After Kellner’s lecture I checked back in on a blog I keep track of and in Sept the writer had referenced a lecturer at the Industrial Designers Society of America who said the future of computing needs will be facilitated by more intuitive and human interfaces.  The same lecturer was also encouraging designers to become more “sensually sensitive” and to reconcile the design of digital interfaces with basic human cognition and intuition. Intuition, sensual, sensitive, reconciliation… is it possible the future of cyberspace is female gendered?

 

I’ve been censored!!!

Monday, September 11th, 2006

I sent the address of this blog out to some of my friends and family, including a journalist working in Guangzhou, China.  This is his response:

What on Earth did you put on your blog?  Declarations of love for the Dalai
Lama?  Your views on Taiwan independence?  The communists have blocked it!!!
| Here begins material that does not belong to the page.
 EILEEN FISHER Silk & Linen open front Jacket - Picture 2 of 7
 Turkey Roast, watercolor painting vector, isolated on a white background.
Wow.  First-hand experience with the Chinese censors. The journalist says they often block anything with a blog address or name, so given my current fascination with blogs I guess I won’t be making it into his bookmarks any time soon.
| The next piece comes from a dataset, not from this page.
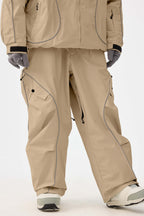 Women's Khaki Retro Track Ski Pants Reflective Piping Baggy Snow Pants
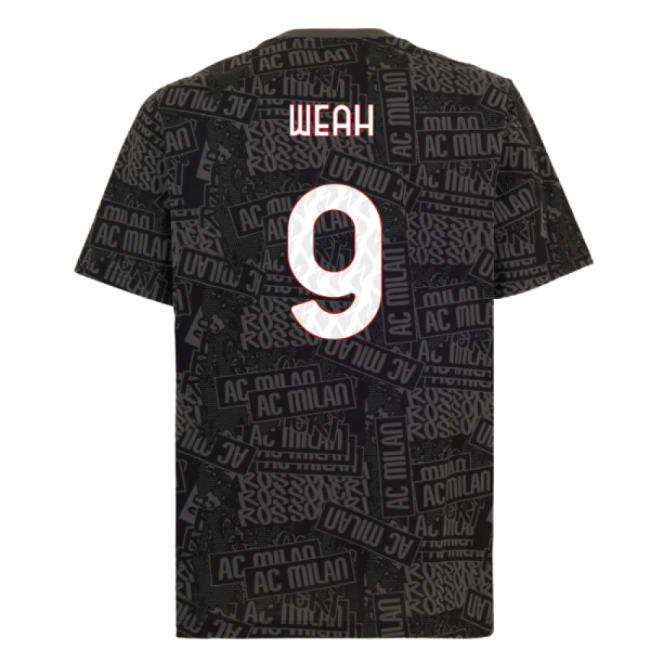 2025-2026 AC Milan ftblCulture Tee AOP (Black) (Weah 9)-The Soccer Shirt Hub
I’m beginning to feel like a real Concordia student, contending with issues of censorship and all…  speaking of which….check out the below links to learn more about Concordia’s most recent incident in the world of risk assessment committees, race relations, and alleged censorship.  The timeliness of the story may have influenced the pickup it received from the Guardian. “North of 9/11” will be read tomorrow at the uni co-op bookstore.
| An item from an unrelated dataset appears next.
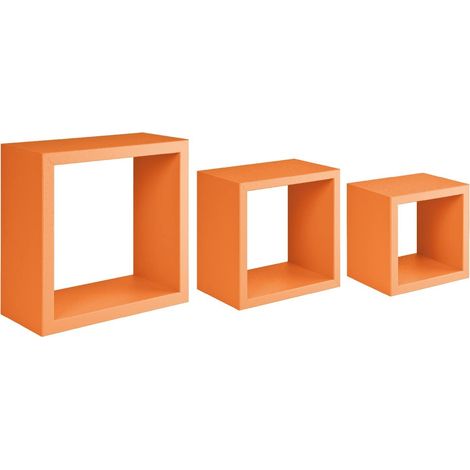 Étagère Décoration Murale - Salon, Chambre, Bureau - MDF, Orange 35 X 35 X 15,5/25 X 25 X 15,5/20 X 20 X 15,5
http://thelink.concordia.ca/view.php?aid=38622 

http://books.guardian.co.uk/news/articles/0,,1867994,00.html 

Back to the Chinese censors….the Dali Lama was in Vancouver, B.C. this past Saturday.  Two friends from Victoria went over to see him and were duly inspired.  Apparently there were sound issues that made him a little difficult to hear, and during one of the lulls, 20,000 people in GM Place broke into a spontaneous round of “O’ Canada.” 

Who says Canadians aren’t patriotic?

Patriotism. 9/11. Censorship. Co-op bookstore.  Race relations.  My blog’s never going to make it big in China.  Sigh.